Reputation: 2214
Given the following file:
>tna
ATGC
>ggf
TG
>gta
TGGTT
I want to find the longest line that does not start with >
. I've figured out the AWK code:
awk '!/>/ {len=length($0)} len > maximum {maximum=len} END{print maximum}' file
I cannot explain, however, how maximum
is used before being defined. First, I make the comparison to len
and then I set maximum
to len
. How does AWK know what maximum
is?
Thanks!
Upvotes: 2
Views: 75
Reputation: 881113
By default, any string variables that are uninitialised are the empty string ""
and any numerics are zero (they're actually all empty strings but those are treated as zero in a numeric context).

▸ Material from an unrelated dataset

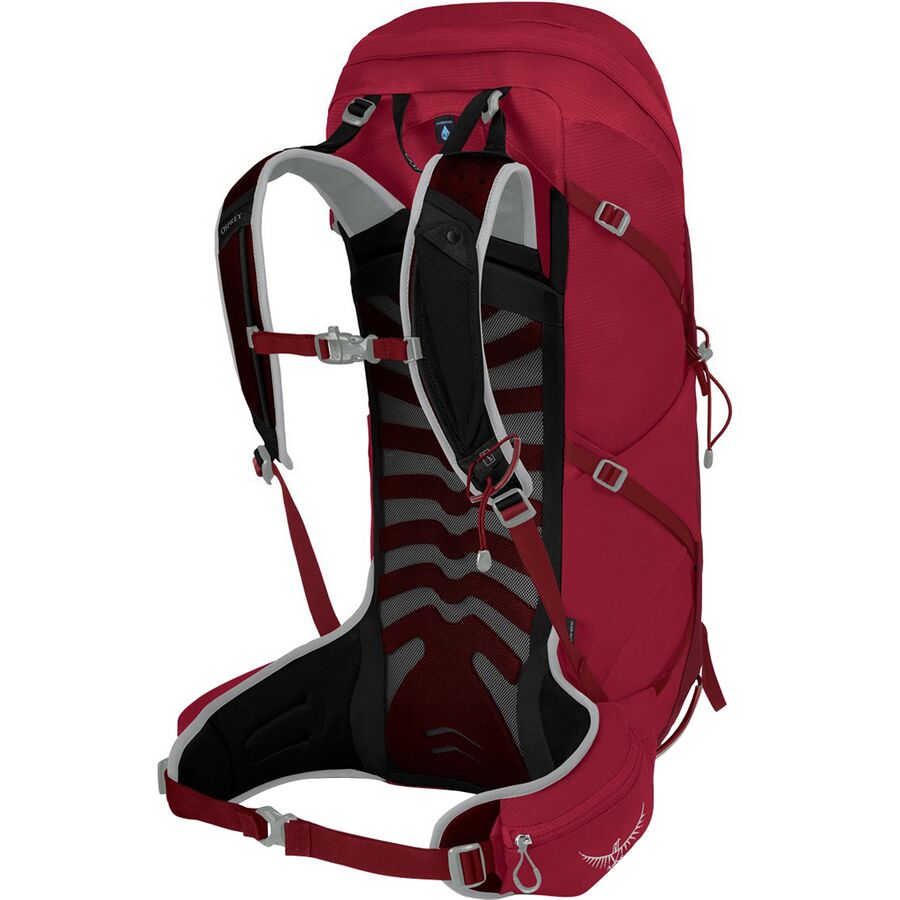 TALON 36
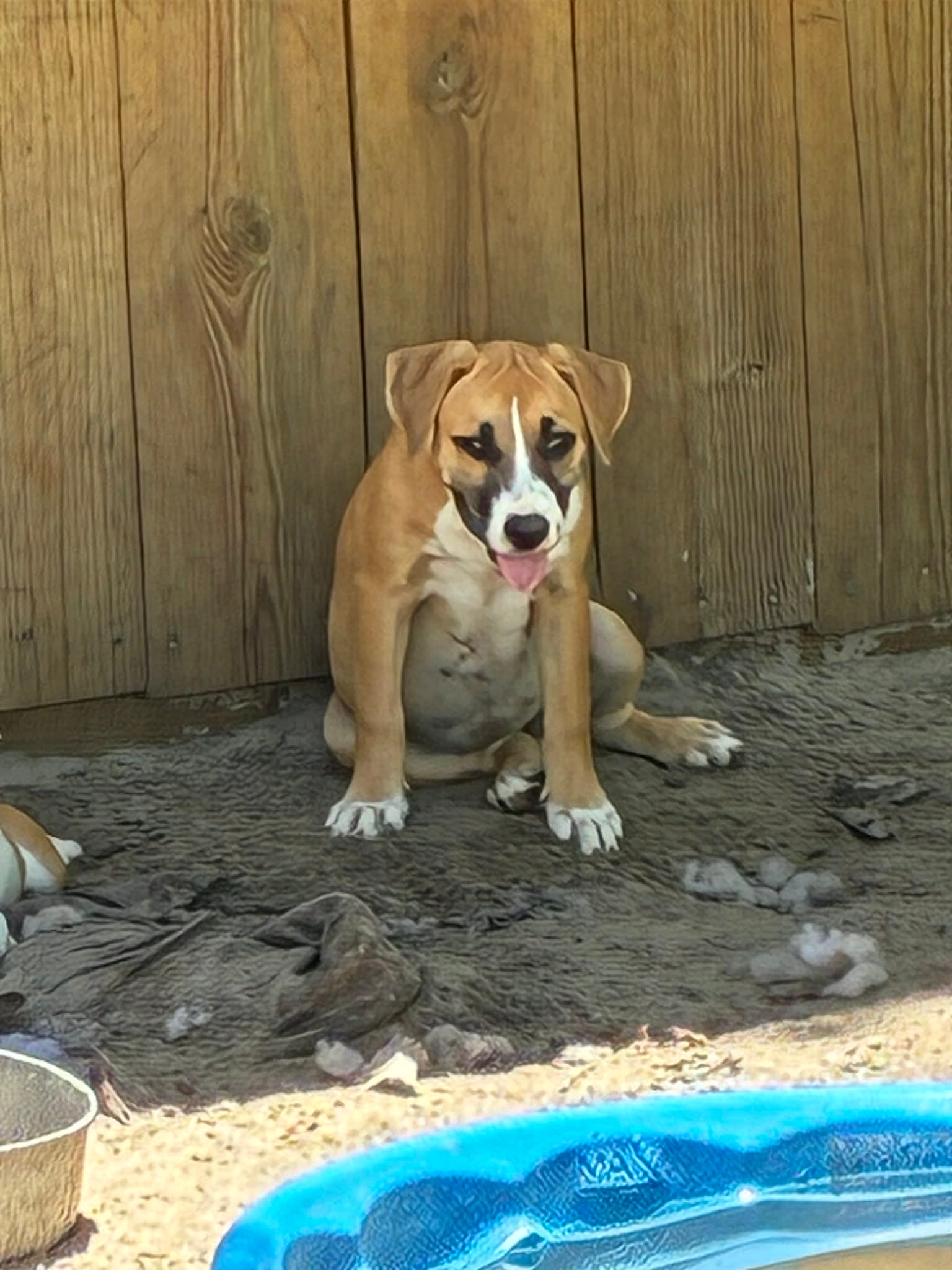 Puppy eating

But you might also want to consider the fact that />/
will match all lines containing >
, not starting with it. You would be better off with something like (readable):
!/^>/ {
len = length($0)
if (len > max) {
max = len
}
}
END {
print max
}
or, in its minimalist form:
!/^>/{len=length($0);if(len>max){max=len}}END{print max}
Upvotes: 5
Reputation: 85530
Awk is a dynamically typed language, their types change from "untyped" to string or number depending on the context it is used on. By default, variables are initialized to the empty string, which if used in integer context will be value zero. So you are essentially comparing against zero value of maximum
.
See 6.1.3.1 Using Variables in a Program and 6.3.2.1 String Type versus Numeric Type
Upvotes: 3
Reputation: 133428
Could you please try following, written and tested with shown samples in GNU awk
.
awk '!/^>/{len=length($0);max=(len>max?len:max)} END{print max}' Input_file
Explanation: Adding detailed explanation for above.
awk ' ##Starting awk program from here.
!/^>/{ ##Checking condition if line does not starts from > then do following.
len=length($0) ##Creating len which has length of current line.
max=(len>max?len:max) ##Creating max which has either current line length OR max previous value depending upon which is greater.
}
END{ ##Starting END block of this program from here.
print max ##Printing max value here.
}
' Input_file ##Mentioning Input_file name here.
Upvotes: 2